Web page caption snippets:
__________________________________________________

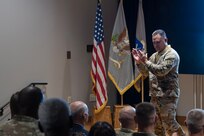Col. Robert L. Le'iato, commandant of the Finance and Comptroller School and chief of the Finance Corps, speaks after assuming command of the school during a ceremony held in the institute's auditorium, July 30, 2024. (U.S. Army photo by Robert Timmons)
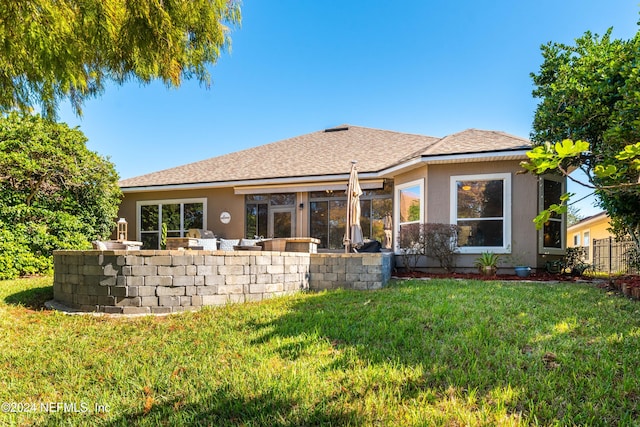 rear view of house with a lawn and an outdoor bar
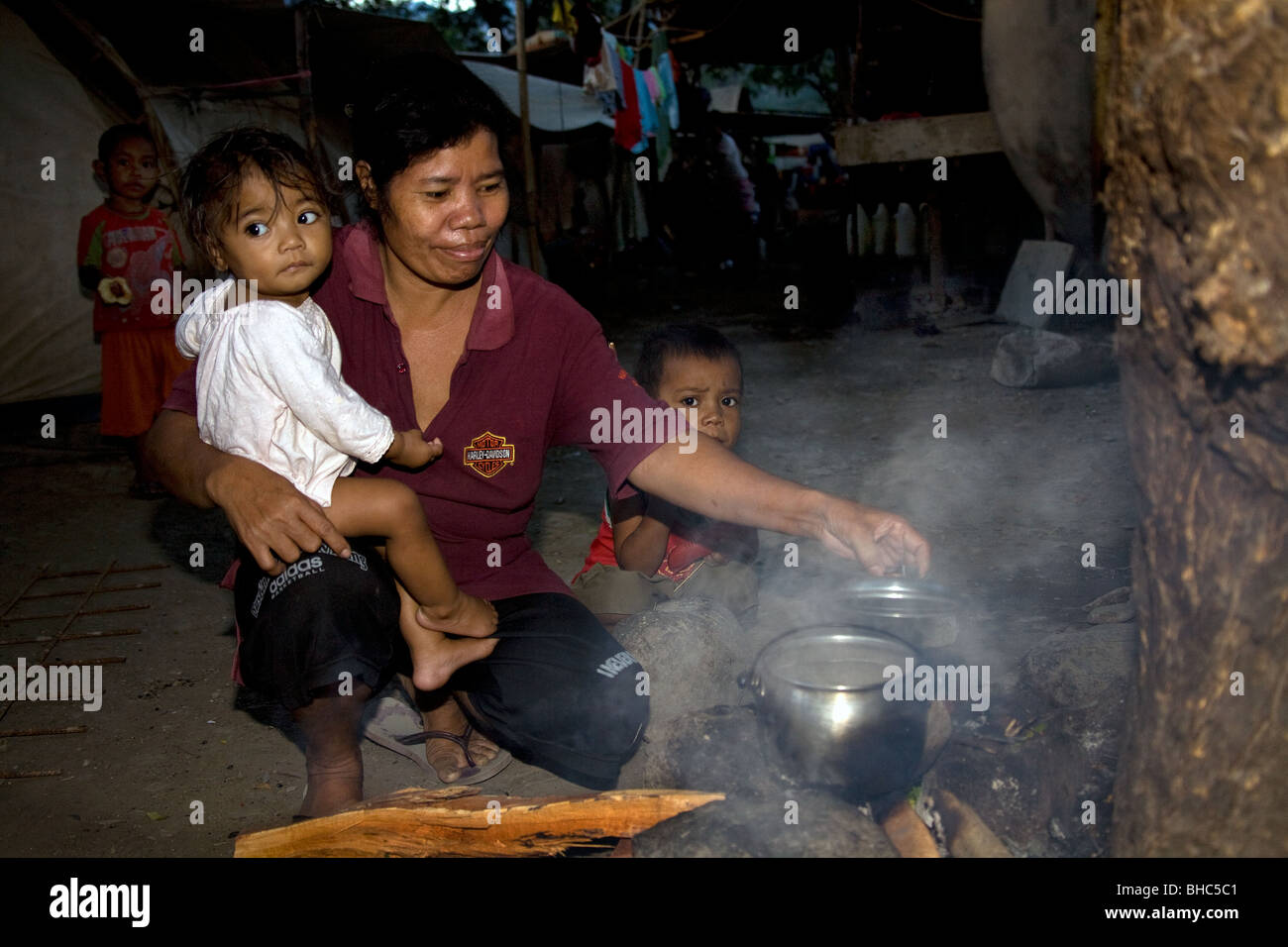 Hogar de la madre con el bebé prepara el desayuno sobre fuego abierto para su familia hacinados en campamentos de personas desplazadas de PDI en la oscuridad Foto de stock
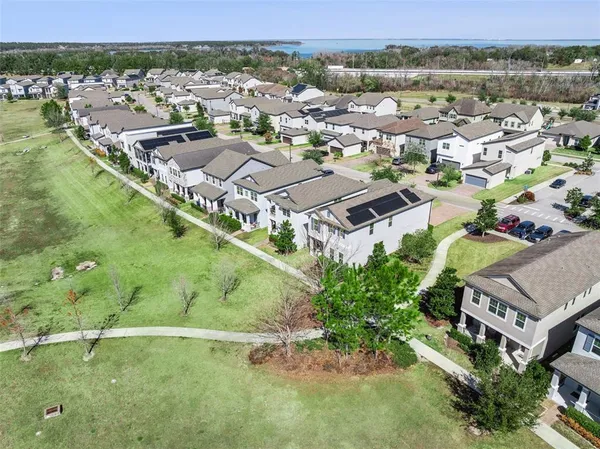 an aerial view of residential houses with outdoor space and trees
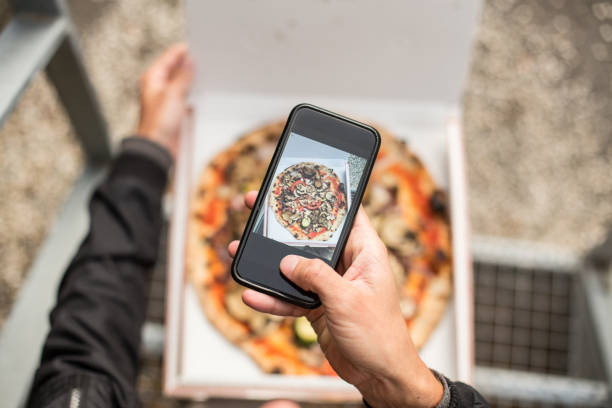 istock Man makes photo of pizza in box 918866452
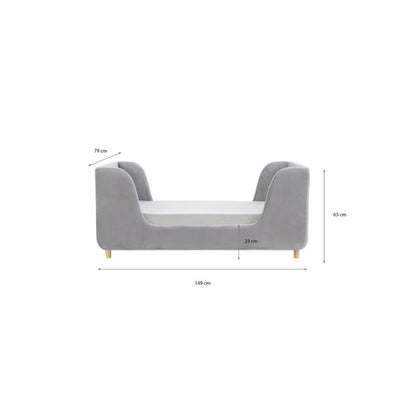 A gray upholstered children's daybed in a styled nursery or playroom with teal paneled walls, a star wall decor piece, a window with bright sunlight, a bean bag, and a basket of toys.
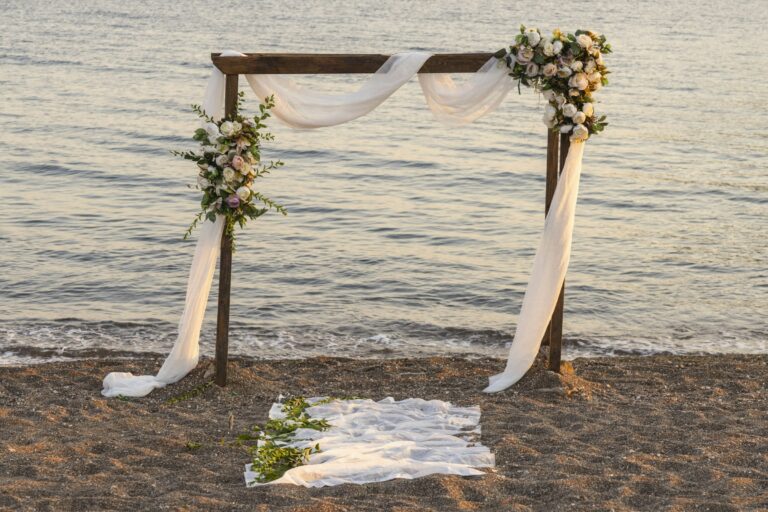 Wooden arch with white drapes and flowers by the sea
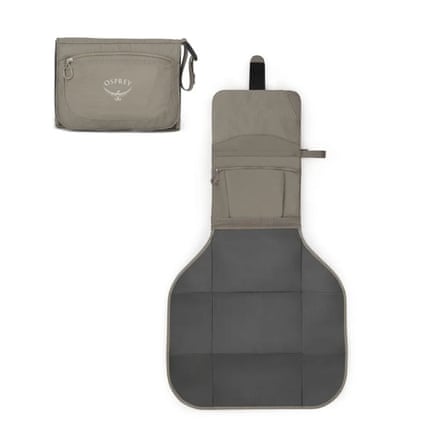 A Osprey Poco Changing Pad rolled out next to its zip up pouch carrier.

__________________________________________________

> **Exercise brief**: Your reply is the full set of entries reproduced exactly, with images omitted.

> **Your response**:
Col. Robert L. Le'iato, commandant of the Finance and Comptroller School and chief of the Finance Corps, speaks after assuming command of the school during a ceremony held in the institute's auditorium, July 30, 2024. (U.S. Army photo by Robert Timmons)
 rear view of house with a lawn and an outdoor bar
 Hogar de la madre con el bebé prepara el desayuno sobre fuego abierto para su familia hacinados en campamentos de personas desplazadas de PDI en la oscuridad Foto de stock
 an aerial view of residential houses with outdoor space and trees
 istock Man makes photo of pizza in box 918866452
 A gray upholstered children's daybed in a styled nursery or playroom with teal paneled walls, a star wall decor piece, a window with bright sunlight, a bean bag, and a basket of toys.
 Wooden arch with white drapes and flowers by the sea
 A Osprey Poco Changing Pad rolled out next to its zip up pouch carrier.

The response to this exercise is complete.